IFTSA & Mars Competition Adds an International Element

Sunday, July 12th, 2015

The IFTSA & Mars Product Development Competition is always a prestigious event, and this year it boasts an extra element of excitement. The winning team of student product developers chosen at IFT15 will advance to an international “Competition of Champions” in China this fall.
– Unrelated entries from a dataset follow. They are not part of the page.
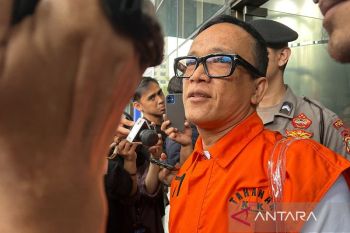 Mantan Wamenaker Immanuel Ebenezer hadapi sidang perdana pemerasan K3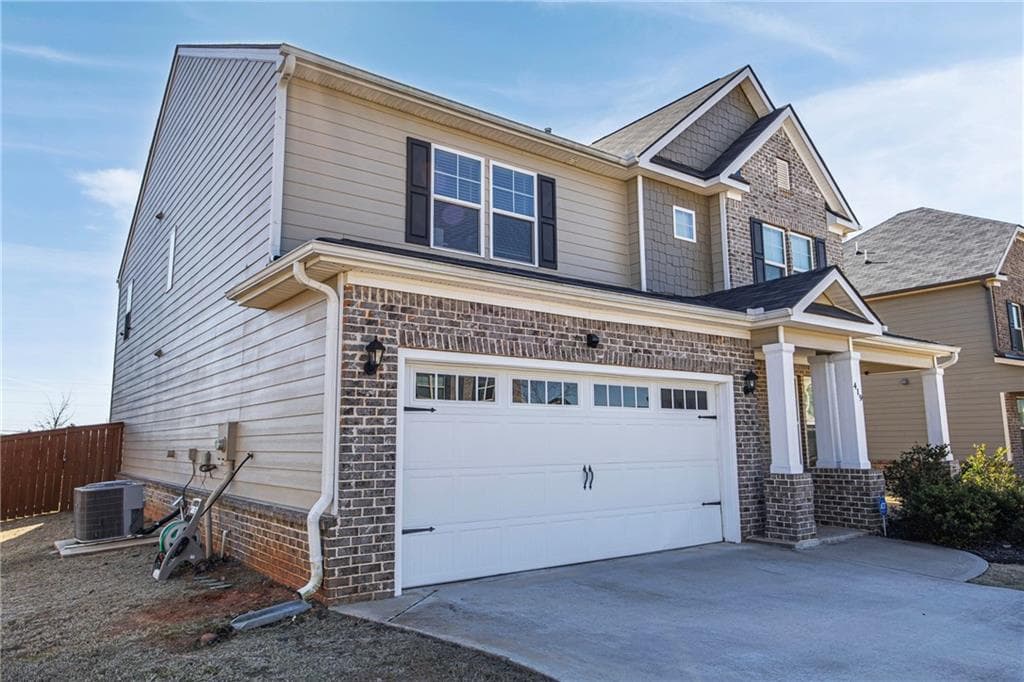5 bedroom, 4 bathroom, 3,197 sq ft single family residence for rent at 419 Beachview Road, Hampton, GA 30228 for $3,000 a month — photo 2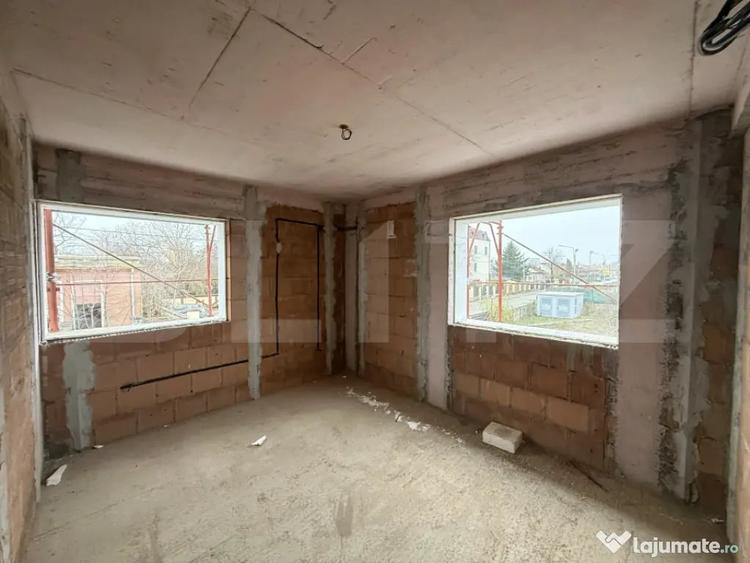 Casă cu 4 camere cu Teren 252 Mp în Central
That competition, the CIFST (Chinese Institute of Food Science and Technology)/IFT Global Product Development Competition, will take place during the CIFST Summit in Dalian, China.

The elements of the competition in China will parallel those of the event in Chicago in which each participating collegiate team is asked to conceive of a new food product concept and take it through the production and marketing processes, much like a commercial product development team.

The competition will include an oral presentation phase from 11 a.m. to 1:45 p.m. on Sunday, July 12, in Room S404d of McCormick Place and poster presentations from 3–5 p.m. that day in the convention center’s South Hall.

Here’s a preview of the product development creativity that will be showcased in the entries from the six teams that will participate in the competition’s final rounds.

  • The Pennsylvania State University team developed Happy Valley-oli, a frozen ravioli made with kale and spinach. The high-fiber ravioli dough is formulated with spent grain from beer brewing.
  • The entry from the Michigan State University team is SouperBowl, a frozen, microwavable soup in a lightly browned bread bowl.
  • Students from California Polytechnic State University, San Luis Obispo, concocted RISE, a baked, cinnamon-flavored, vegetable-based cereal packed with vitamins and nutrients.
  • Cornell University students will be showing off Crunchia, a snack that features light and crispy meringue cookies sandwiching a filling that incorporates fruit, chia seeds, and dark chocolate.
  • The McGill University team’s entry is TiraVerde, a tiramisu-inspired healthy snack made with avocados that delivers added protein and fiber.
  • University of Wisconsin–Madison students developed CrackerSmackers, a high-protein brown sugar and cinnamon cracker sandwich with a butternut squash filling that uses pea protein isolate in the formulation.

Winners of the competition will be recognized during the IFT Student Association Closing Ceremony, which begins at 7 p.m. on Monday, July 13, in the Continental AB Ballroom of the Hilton Chicago. First, second, and third place prizes will be awarded. This competition is sponsored by MARS Chocolate North America.